Just as today’s listeners have the entire history of recorded music to draw from, so do today’s artists. My new favorite artist, P’tit Belliveau, moves easily through pop, metal, bluegrass, hip hop, and country, all while singing in redneck Acadian French. Critically, whatever the genre, the music is unmistakably his, something new. The youth today don’t need to put on these different genres; they own them.

Maybe — as I wrote back in 2015, we live in an age of abundance, and that certainly does change the way we create (not that it diminishes it, but it does make it different):
https://scholarlykitchen.sspnet.org/2015/12/24/greetings-from-the-age-of-abundance/
There may be something there — we have so much to get through that we live a more scattered existence, songs on shuffle rather than full albums, no time for a coherent scene or genre to develop as our current culture has us hopping around from spot to spot.
There’s also something about the way our media has changed, and how we no longer have shared experiences the way we once did when there were fewer choices. I wrote about this here:
https://scholarlykitchen.sspnet.org/2019/12/13/a-rare-shared-cultural-experience-and-the-value-of-inconvenience/

“[W]hat was the last big national (or international) trend/movement in pop music?”

K-pop is late ’90s, early ’00s and beyond. Oakland (so, not even national) had hyphy at the same time, but no more to my knowledge. New prog?

Thank you for your take on punk rock. I myself have a hard time hearing post-’79 punk as punk, even though I enjoy some of it.

I’m commenting a lot here, but this is a topic near and dear to my heart and ears.

Last week I attended an event on campus featuring one of the campus a capella vocal groups. They performed Whitney Houston’s “I Wanna Dance With Somebody to Love,” which tickled me, because I purchased the 12″ single of it in ’87, when it was released. I proclaim it the best song of that year. Whatever. After the performance, I thanked the group and remarked that none of them were close to being born when it emerged.

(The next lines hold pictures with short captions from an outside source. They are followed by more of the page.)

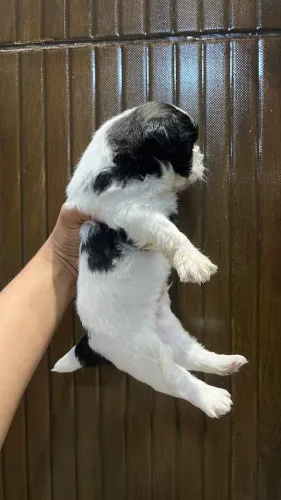 Cachorro Shi tzu original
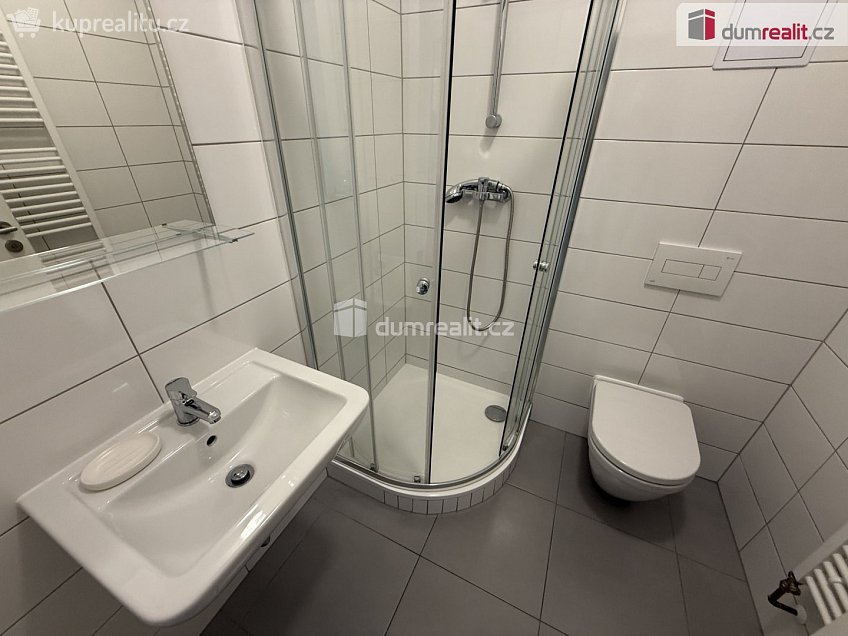 Pronájem bytu 1+kk 25 m^2 Budějovická, Praha 4 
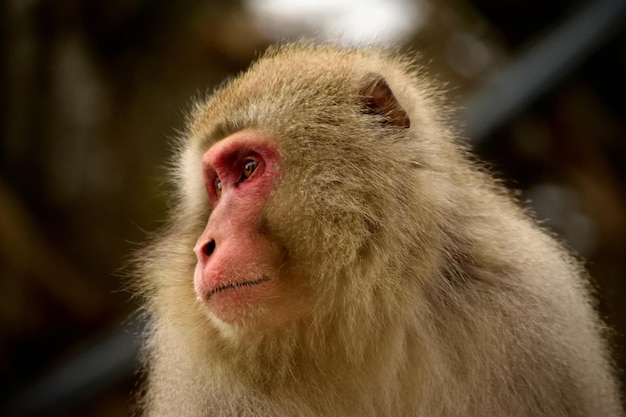 Photo close-up d'un macaque japonais pendant la saison hivernale jigokudani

One of the students remarked, “Music transcends generations.” Bravo.

Fascinating! Good to see a strong showing for the 80s as the best decade across the generations, which is the correct answer of course.

I’m in my late 30s and I’m discovering more new music now than I have for a long time, probably since my mid 20s, and it’s thanks to how easy it is now (thanks to Spotify). We’re at a great time for that. To be honest, I’d be tempted to say these stats are less about discovery per se and more about the time one spends with music, and the emotional development you’re going through at the time. I’ll always love (most of) the music from my teens best because in those days I spent hours and hours with each album. It’s why people who grew up with pop punk and nu metal often still love it as adults even though it’s objectively the worst.

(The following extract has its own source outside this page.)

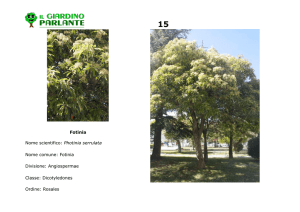 Fotinia Nome scientifico: Photinia serrulata Nome comune: Fotinia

Okay, now the commenters here have inspired me to do some self-reflection. In 2022, I reconnected with an old friend I hadn’t spoken with for nearly 40 years, and they asked me to send a couple playlists of my favorite music so they could catch up on what they’d might have missed. Looking at the two CD-length playlists, 40 songs total, it breaks down as follows:
1960s 7.5%
1970s 10%
1980s 10%
1990s 20%
2000s 27.5%
2010s 20%
2020s 5%

Given that I’m an early Gen-Xer, I should be much more rooted in the late 1970s, early 1980s, but as it turns out, I seem to have a preference for the 1990s, 2000s, and 2010s. Perhaps this represents my stunted development, or my outlier status as still being interested.

So it seems that those of us who really love music are in the minority!

We also shouldn’t forget the impact of the music our parent’s played to us as a kid. I’ve got an entire playlist on my spotify which is just “songs I used to listen to with mum and dad”, there are entire bands and genres I wouldn’t’ve really engaged with if mum and dad hadn’t played them when I was a kid, and they do have a special place in my heart. So the 00s and 10s have had the most impact on me, cus that’s when I grew up, but close behind is the 80s cus that’s the music that my parents listened to

Thanks for a great Friday post, David. It always amazes me how you come up with these!